WHAT YOU NEED TO DO
Omitting all pictures, copy word for word the lines from the line containing "Men's Sporty Lace-Up" through the final line of the entries.

INPUT MATERIAL

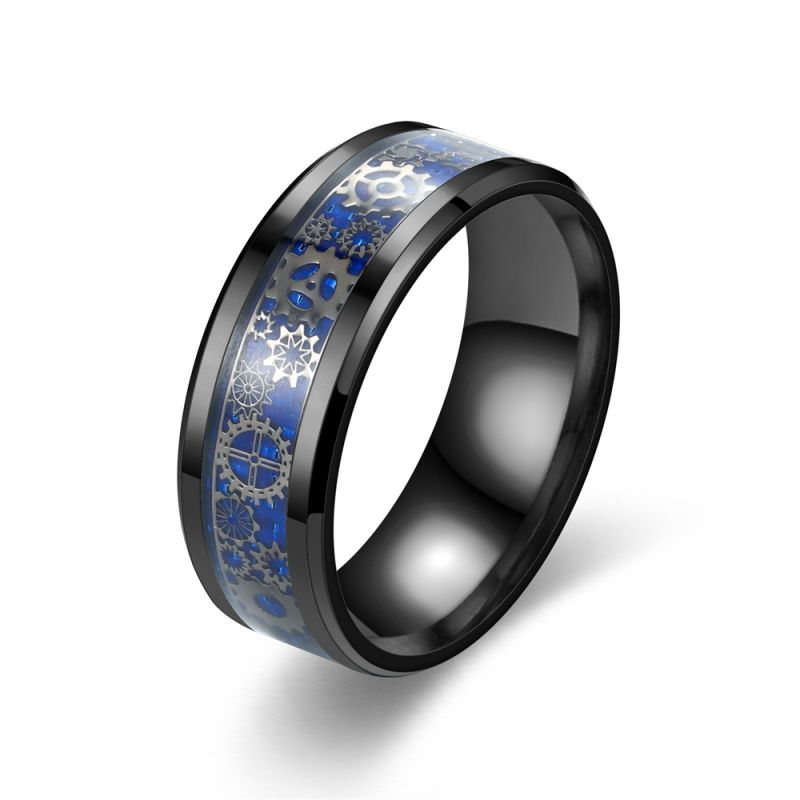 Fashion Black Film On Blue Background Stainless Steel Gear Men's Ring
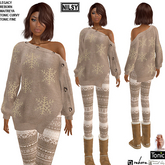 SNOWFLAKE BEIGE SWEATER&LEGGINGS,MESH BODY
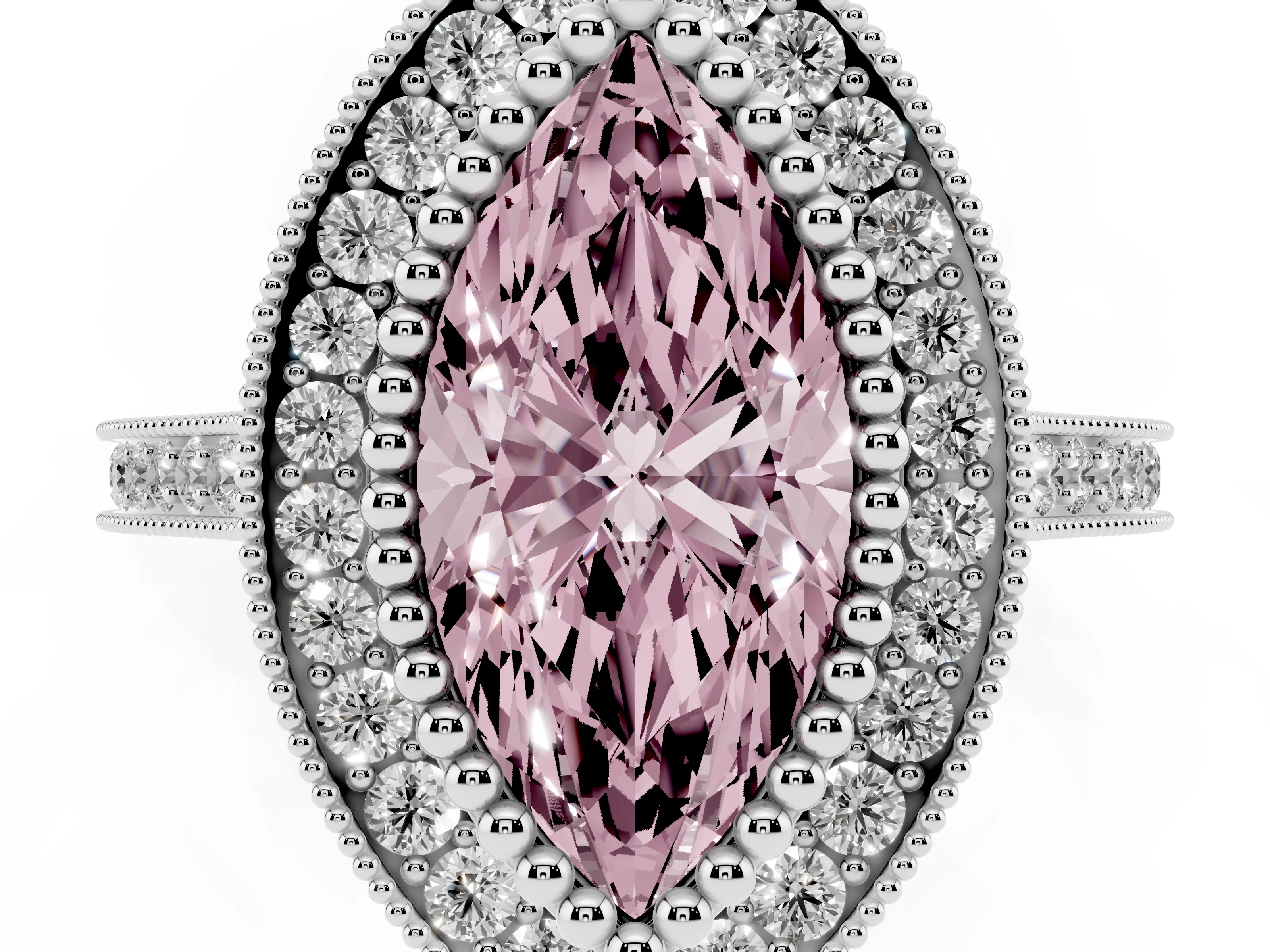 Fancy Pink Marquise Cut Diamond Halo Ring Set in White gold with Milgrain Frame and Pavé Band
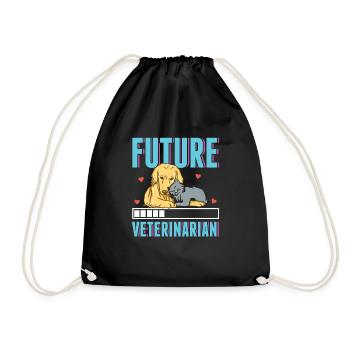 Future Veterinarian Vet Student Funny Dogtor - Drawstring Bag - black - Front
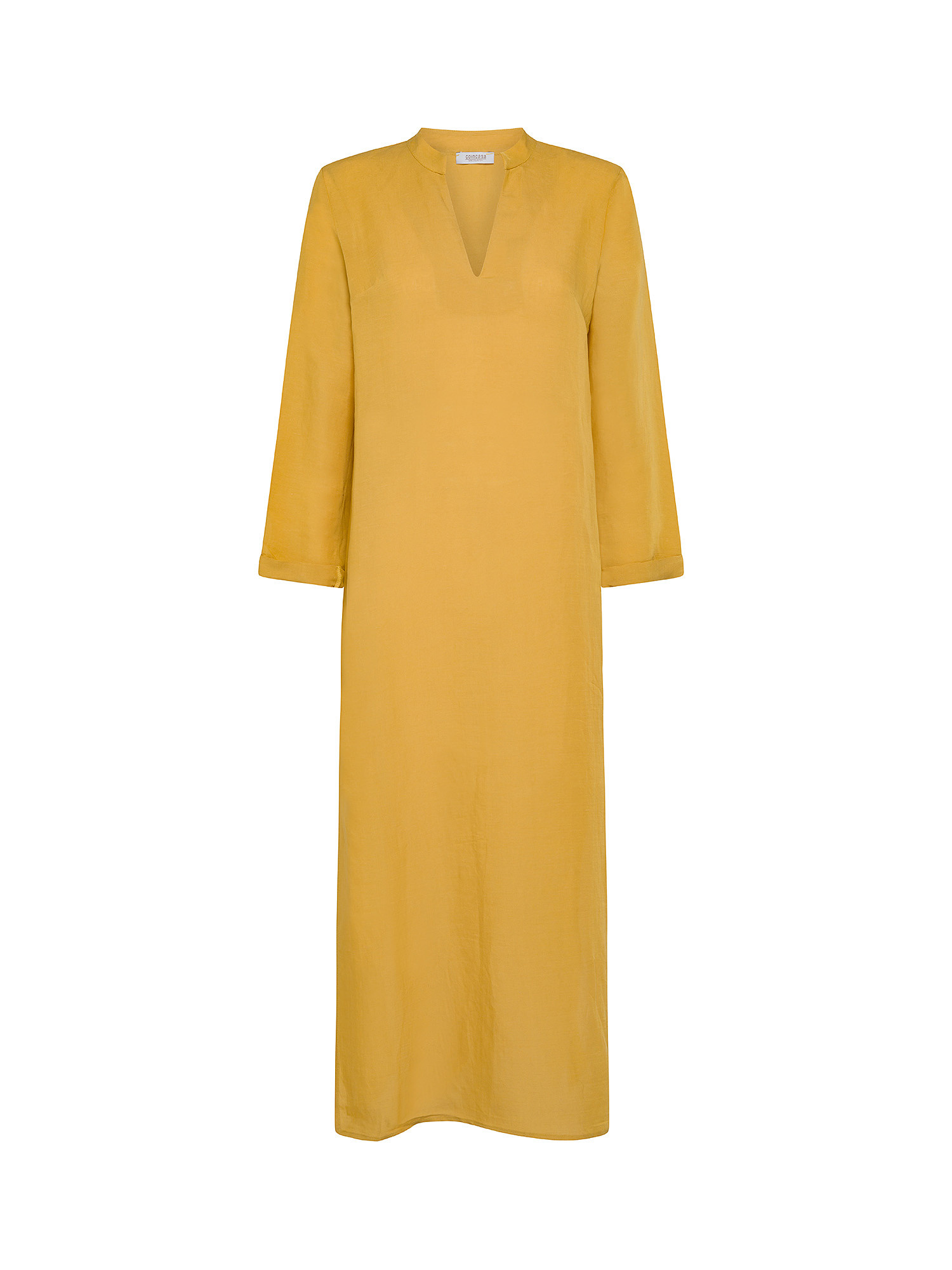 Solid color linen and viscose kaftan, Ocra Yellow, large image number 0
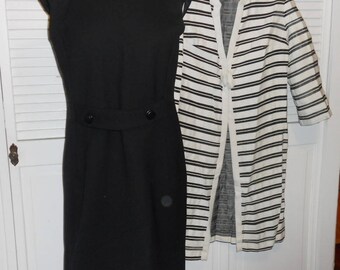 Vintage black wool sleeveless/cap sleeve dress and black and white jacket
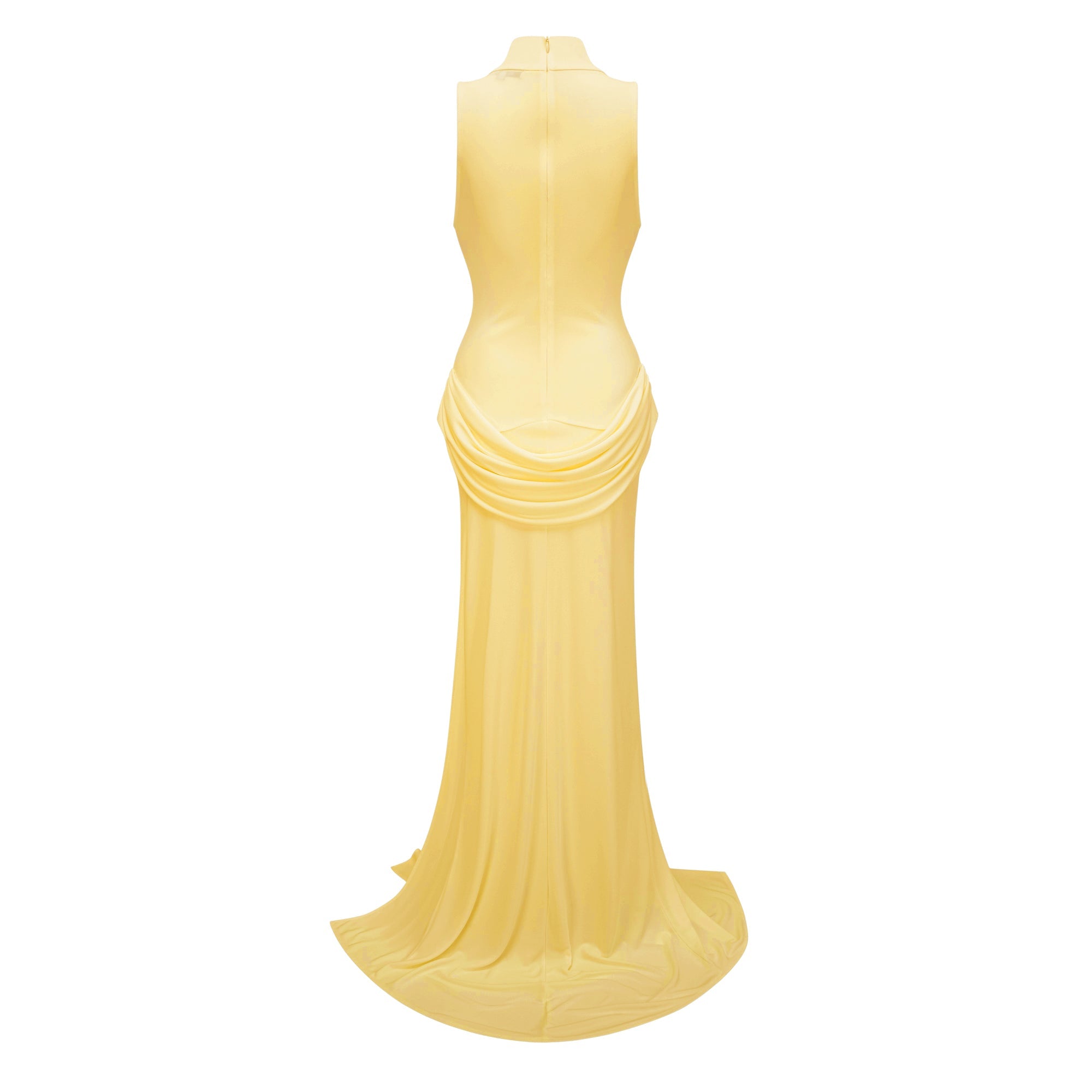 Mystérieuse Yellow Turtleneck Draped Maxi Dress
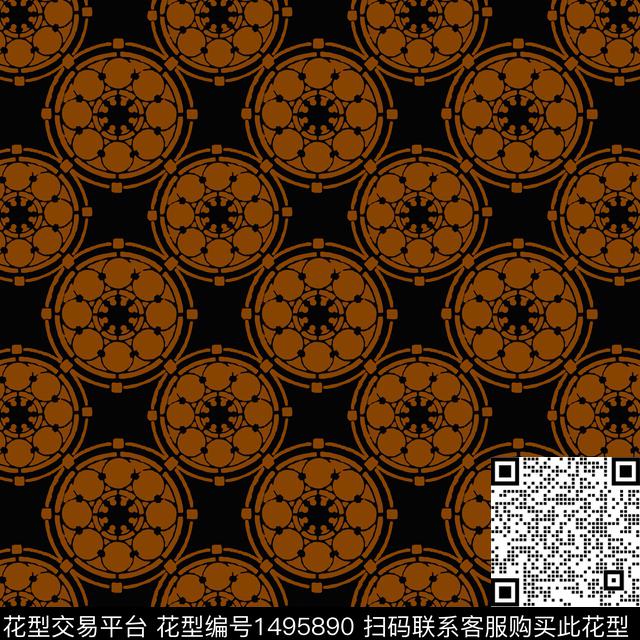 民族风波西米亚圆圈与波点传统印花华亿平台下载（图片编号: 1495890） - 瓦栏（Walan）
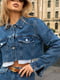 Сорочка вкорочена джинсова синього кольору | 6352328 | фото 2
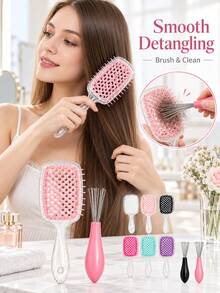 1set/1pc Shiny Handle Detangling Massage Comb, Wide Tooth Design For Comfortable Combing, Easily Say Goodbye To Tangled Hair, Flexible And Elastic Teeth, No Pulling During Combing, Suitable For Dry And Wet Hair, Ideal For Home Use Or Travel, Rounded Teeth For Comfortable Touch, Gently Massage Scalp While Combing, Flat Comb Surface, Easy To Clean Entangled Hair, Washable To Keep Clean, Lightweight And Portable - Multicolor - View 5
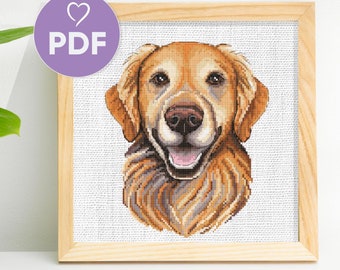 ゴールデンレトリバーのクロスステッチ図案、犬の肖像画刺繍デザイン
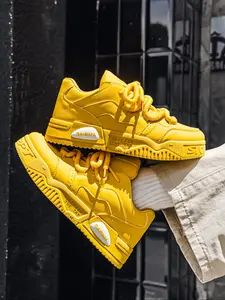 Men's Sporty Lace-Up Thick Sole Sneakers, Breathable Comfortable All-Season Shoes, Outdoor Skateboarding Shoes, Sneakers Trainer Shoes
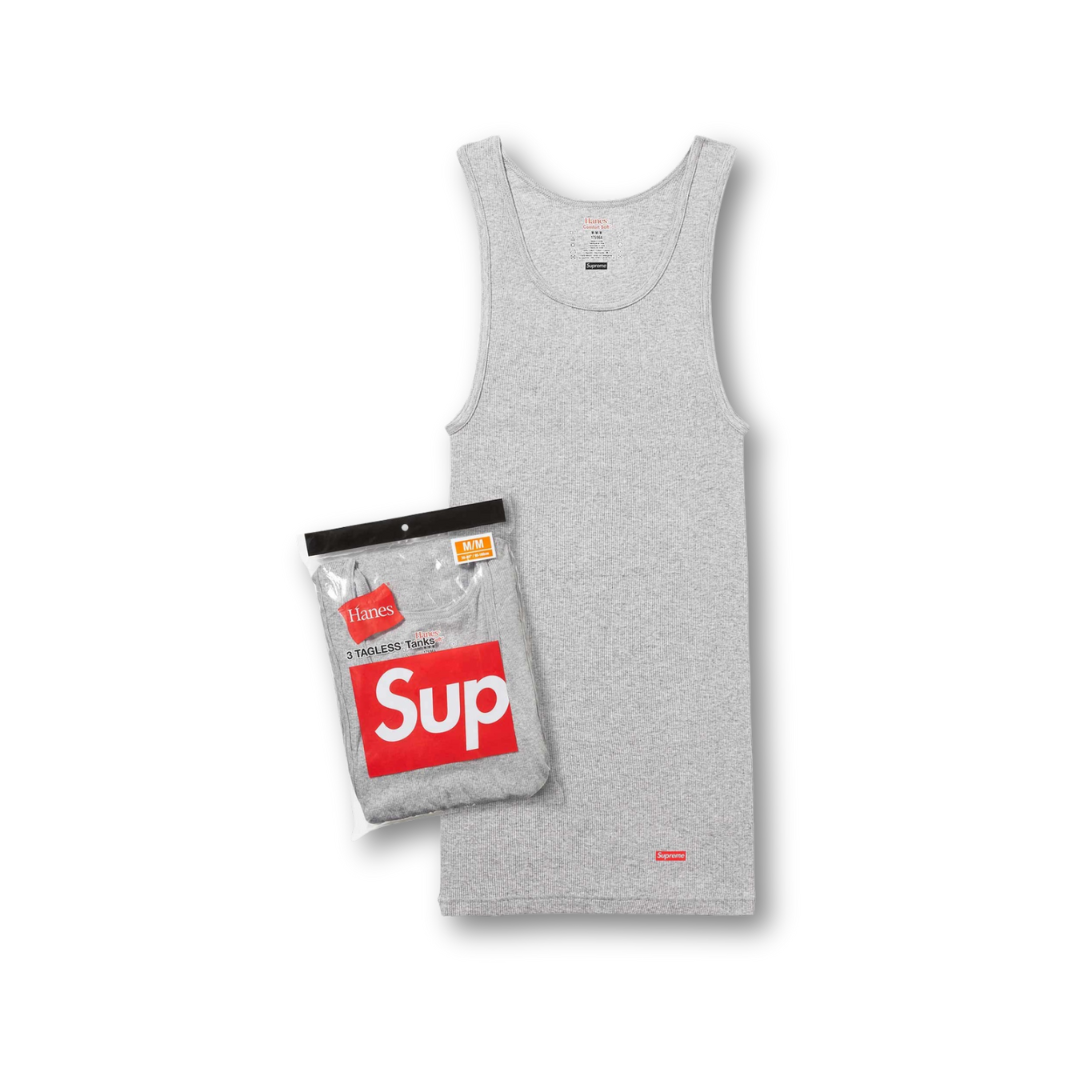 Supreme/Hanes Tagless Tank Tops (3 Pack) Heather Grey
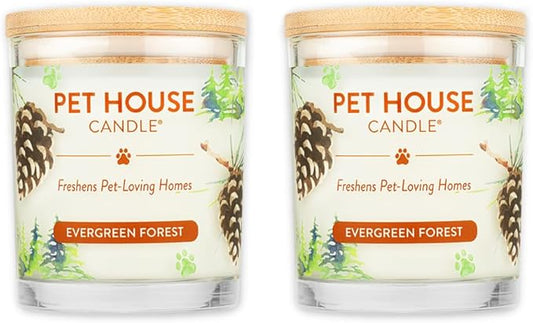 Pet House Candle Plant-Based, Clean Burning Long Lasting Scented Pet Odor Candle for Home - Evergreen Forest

ANSWER FOR THE TASK
 Men's Sporty Lace-Up Thick Sole Sneakers, Breathable Comfortable All-Season Shoes, Outdoor Skateboarding Shoes, Sneakers Trainer Shoes
 Supreme/Hanes Tagless Tank Tops (3 Pack) Heather Grey
 Pet House Candle Plant-Based, Clean Burning Long Lasting Scented Pet Odor Candle for Home - Evergreen Forest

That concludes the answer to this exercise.